Although the idea that tremor-generating neural drive in PD is inherently distributed to multiple muscles has received some support (21, 22), there has been less effort to identify the particular muscles/tasks in which an intermuscular action tremor is most reliably evoked and detected. So far, an amplified intermuscular coherence within the alpha-band has been reported only for static tasks such as isometric knee extension (11) or across two sides of a puckered upper lip (7). However, the alpha-band drive underlying action tremor in PD is best observed during dynamic actions (1, 4), where additional neural control circuitry may be required (64).
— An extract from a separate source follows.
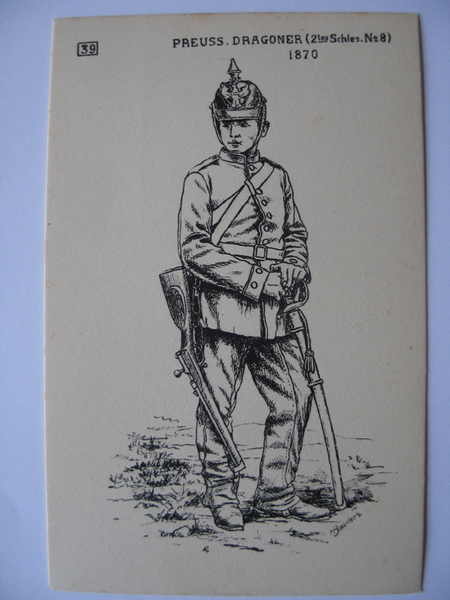 PREUSS. DRAGONER (2tes schles. N°8) 1870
Also, previous findings have described amplified coherence across anatomically synergistic muscles which naturally share a substantial amount of their neural drive (17). This makes it difficult to disambiguate changes in overall signal strength from an effect of PD on the process of “binding” of muscles into functional synergies through neural synchronization (65). Our results seem to suggest that a natural intermuscular alpha-band drive is amplified in PD. Further, the modification of this drive across different tasks is preserved, indicating that the amplification is not especially task-specific. This may indicate that the neural circuit which distributes alpha-band drive across muscles is still functional, even if overdriven.
Neural Origins of Parkinsonian Kinetic Action Tremor
Action tremor has been described as an amplification of naturally present physiological tremor rather than something that exclusively emerges in PD (4, 60); a notion that is well-aligned with our current data. Because the origins of physiological tremor are likely multifactorial (27–36), the effects of PD on each potential source of alpha-band neural drive to muscles must be considered. There are at least four potential sources for alpha-band neural drive in healthy individuals, and they are not mutually exclusive: (1) the stretch reflex system, (2) the motor cortex, (3) the brainstem (specifically reticulospinal output), and (4) the cerebellum (via the cerebello-thalamo-cortical circuit). We favor the latter, according to the following rationale.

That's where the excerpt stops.